Internet and new media
Due to the late acceptance of technology in Hyderabad and unlike the city in India it shares its name with, Hyderabad has not adapted itself to embrace the Internet and the likes of new media. Many an Internet ventures have started out with hopes to level up with Karachi, the technology capital of Pakistan but have failed drastically. With Karachi overshadowing the technological race at a mere miles from Hyderabad, Hyderabad tries to linger in this information age and develop an undermined acceptance toward new media. With what success Hyderabad had earned over the years steadily declining  the snail pace towards a proper Internet usage may hinder more growth.
” Amri (Pre-Harappa) – an archaeological site dating back to 3600 BC, 110 km from the city, is the remains of a pre-Harrapan fortified town.
” Al-manzar – a restaurant at the banks of the Indus river.

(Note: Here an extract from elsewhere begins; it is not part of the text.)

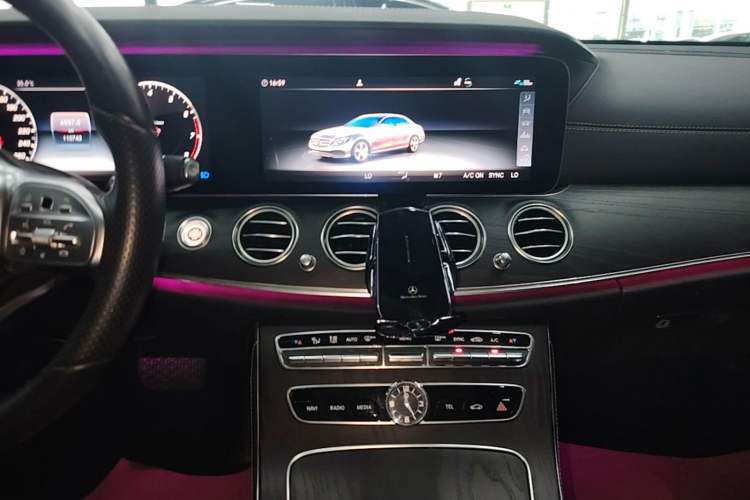 Used Mercedes-Benz E-Class 2020 Restyled E 300 L Sport Exclusive Edition Audio And AC Panel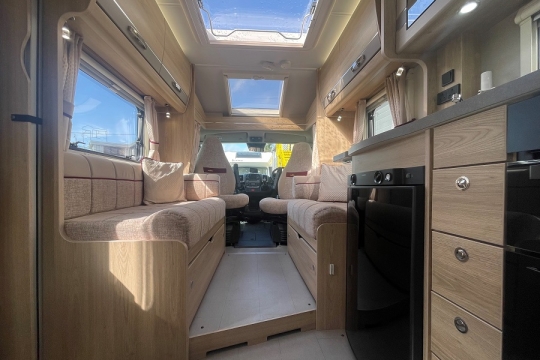 elddis-majestic-185-interior-front-lounge.jpg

Here like any other riverside restaurant Palla fish ( local delicacy) is served with spices and hundreds flock to share its taste and environ.
” Rani Bagh – formerly a zoo named after the majestic elephant Rani, now serves as a theme park.

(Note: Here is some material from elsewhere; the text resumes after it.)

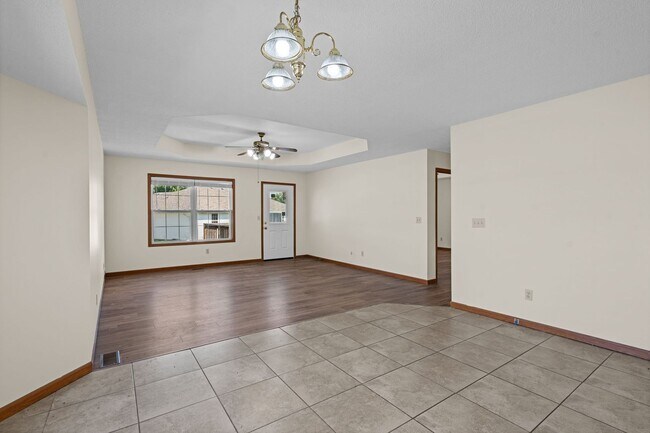 Building Photo - 1278 W Butterfield Dr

” Cubbas or the Mir tombs in Hirabad are of the former rulers of Sindh who were defeated by the British in the famous battle of Miani.
” Sabzazar is a famous restaurant of Hyderabad but open only in the evenings. It now has a sister restaurant called Al Aliyo open during the day time owned by the same management.
” Pacco Qilo and the Kachha Qila – forts, where kachha means weak.
” Sindh Museum.
” Institute of Sindhology Museum.
” New Hyderabad City – a well known private development area in the outskirts of Hyderabad, best known for its famous 12 acre park, Lake View Park, which features a man made lake and beautiful gardens. The park has become a recreational spot for the local families, specially on national holidays.
Hyderabad has a cricket stadium called the Niaz Stadium, with a seating capacity of 25,000 known for the first ever hatrick taken by a bowler in a one-day match in 1982. Hyderabad also has a hockey stadium.
” Jalal-ud-din of Pakistan became the first bowler to take a hatrick against Australia on 20th September, 1982 at the Niaz Stadium.
” The streets of Hyderabad were washed by perfume under the rule of the Mughals.
” The lowest Hyderabad ever achieved in temperature is 2°C.